6.7 Approval of Advertising. All advertising copy and other materials
shall be in strict accordance and conformity with the standards, formats
and specimens contained in the Manual. In the event the Franchisee wishes
to depart from the materials contained in the Manual, the Franchisee shall
submit, in each instance and at least thirty (30) days prior to first use,
the proposed advertising copy and materials to the Company for approval
in advance of publication, and shall use only such advertising materials
as have been approved in writing by the Company. In no event shall the
Franchisee's advertising contain any statement or material which may be
considered (a) in bad taste or offensive to the public or to any group
of persons; or (b) defamatory of any person or an attack on any competitor.
SECTION 7: FEES
7.1 Fees. As partial consideration for the rights granted hereunder,
the Franchise shall pay the Company:
(a) An initial franchise fee in the total amount of $35,000 due in full
upon execution hereof, including any deposits made by Franchisee;
(b) A weekly franchise fee equal to four percent (4%) of each week's
gross sales as payment for the Franchisee's continuing right to use the
XXXXXX'X GRILL System and Trademarks;
(c) A weekly marketing fee equal to one percent (1%) of each week's
gross sales.
7.2 No Fees Refundable. The Franchisee acknowledges and agrees that
the fees referred to above in Subsection 7.1 (a) are not refundable in
whole or part under any circumstances and have been fully earned by the
Company by the grant of this franchise. The Franchisee agrees to spend
Five Thousand Dollars ($5,000.00) within three months of the initial opening
of the Restaurant in advertising and promoting the grand opening of the
Restaurant pursuant to the Company's procedures.

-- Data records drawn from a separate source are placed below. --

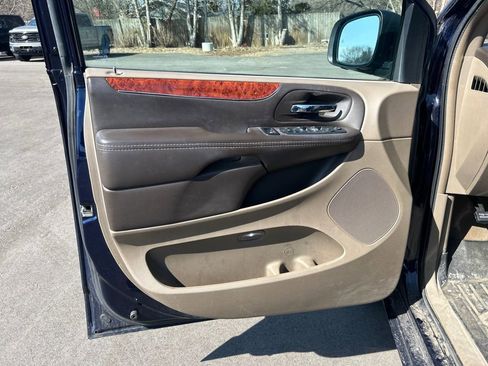 Used 2015 Chrysler Town & Country Touring-L w/ Driver Convenience Group image 13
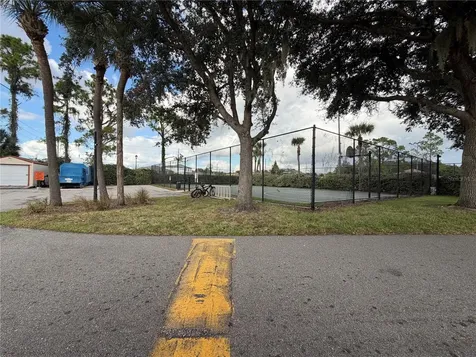 353 Port Pleasant Drive Kissimmee FL 34759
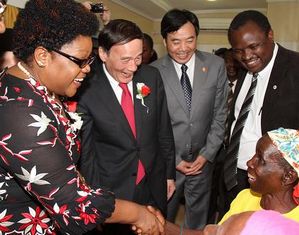 نائب رئيس مجلس الدولة الصينى يزور زيمبابوي (خاص)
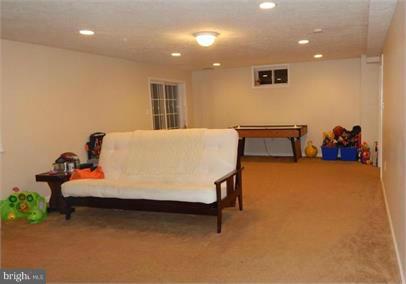 LAKE LAND - Residential Lease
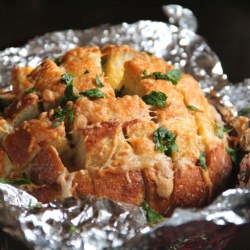 Garlic Cheddar Pull Apart Bread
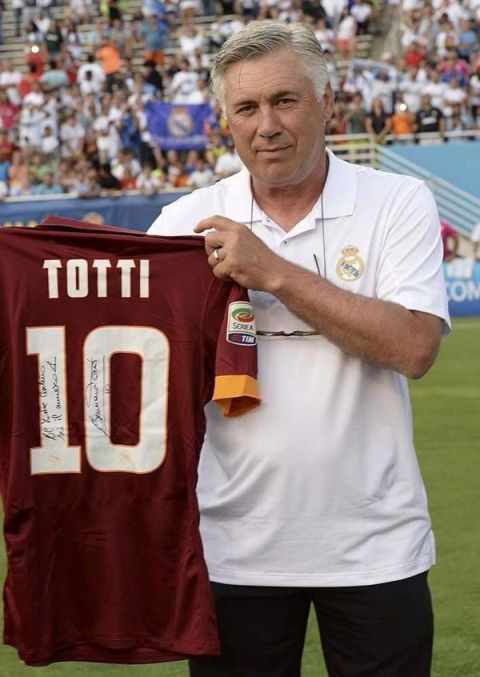 El tcnico madridista recibi una camiseta dedicada por Totti.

7.3 Payment of Weekly Fees. The weekly fees referred to in Subsections
7.1 (b) and (c) above in this Section (the "Weekly Fees") must be received
by the Company within five (5) calendar days following the fiscal week
(as designated by the Company) in which such sales were made, and Franchisee
agrees that TIME IS OF THE ESSENCE regarding payment of the Weekly Fees.
Franchisee agrees to pay the Weekly Fees to the Company either by timely
mailing or delivering a check, or if requested by the Company, by automatic
direct transfer of funds. Franchisee agrees at the Company's reasonable
request to furnish such information, execute such forms, make such arrangements
and complete such procedures as are reasonably necessary to establish direct
transfers from Franchisee's account(s) to such account(s) as the Company
may designate in order to pay directly the Weekly Fees within each five-day
period referred to above. Without limiting the foregoing, Franchisee specifically
agrees to obtain a telefax machine and to make timely telefax reports to
the Company of the sales and other information necessary to allow the Company
to cause such transfers to be made, as required by the Manual. Franchisee
further agrees to maintain sufficient funds in its account(s) to allow
timely honoring of each payment to the Company by Franchisee's bank or
other financial institution. Franchisee hereby specifically authorizes
the Company to make such direct transfers of the Weekly Fees so long as
such transfers are limited to amounts computed with reference to sales
information furnished by Franchisee, or if Franchisee fails to furnish
such information, with reference to good faith estimates by the Company.
Weekly Fees which are not paid when due shall bear interest from and after
their respective due dates at the rate of eighteen percent (18%) per annum
or the highest rate permitted by law, whichever is less. Any late payment
of Weekly Fees shall be accompanied by a late payment administrative charge
of Twenty Five Dollars ($25.00).
7.4 Gross Sales. The term "gross sales" as used in this Agreement shall
mean and include the total of all cash or other manner of payment received
for the sale of food, beverages and other tangible property of every kind,
or for catering services or entertainment charges, made or sold at, in,
upon, or from the Restaurant premises and from any vending machines or
similar machines located at the premises; and any and all other amounts
which shall be received as compensation for any services rendered therefrom.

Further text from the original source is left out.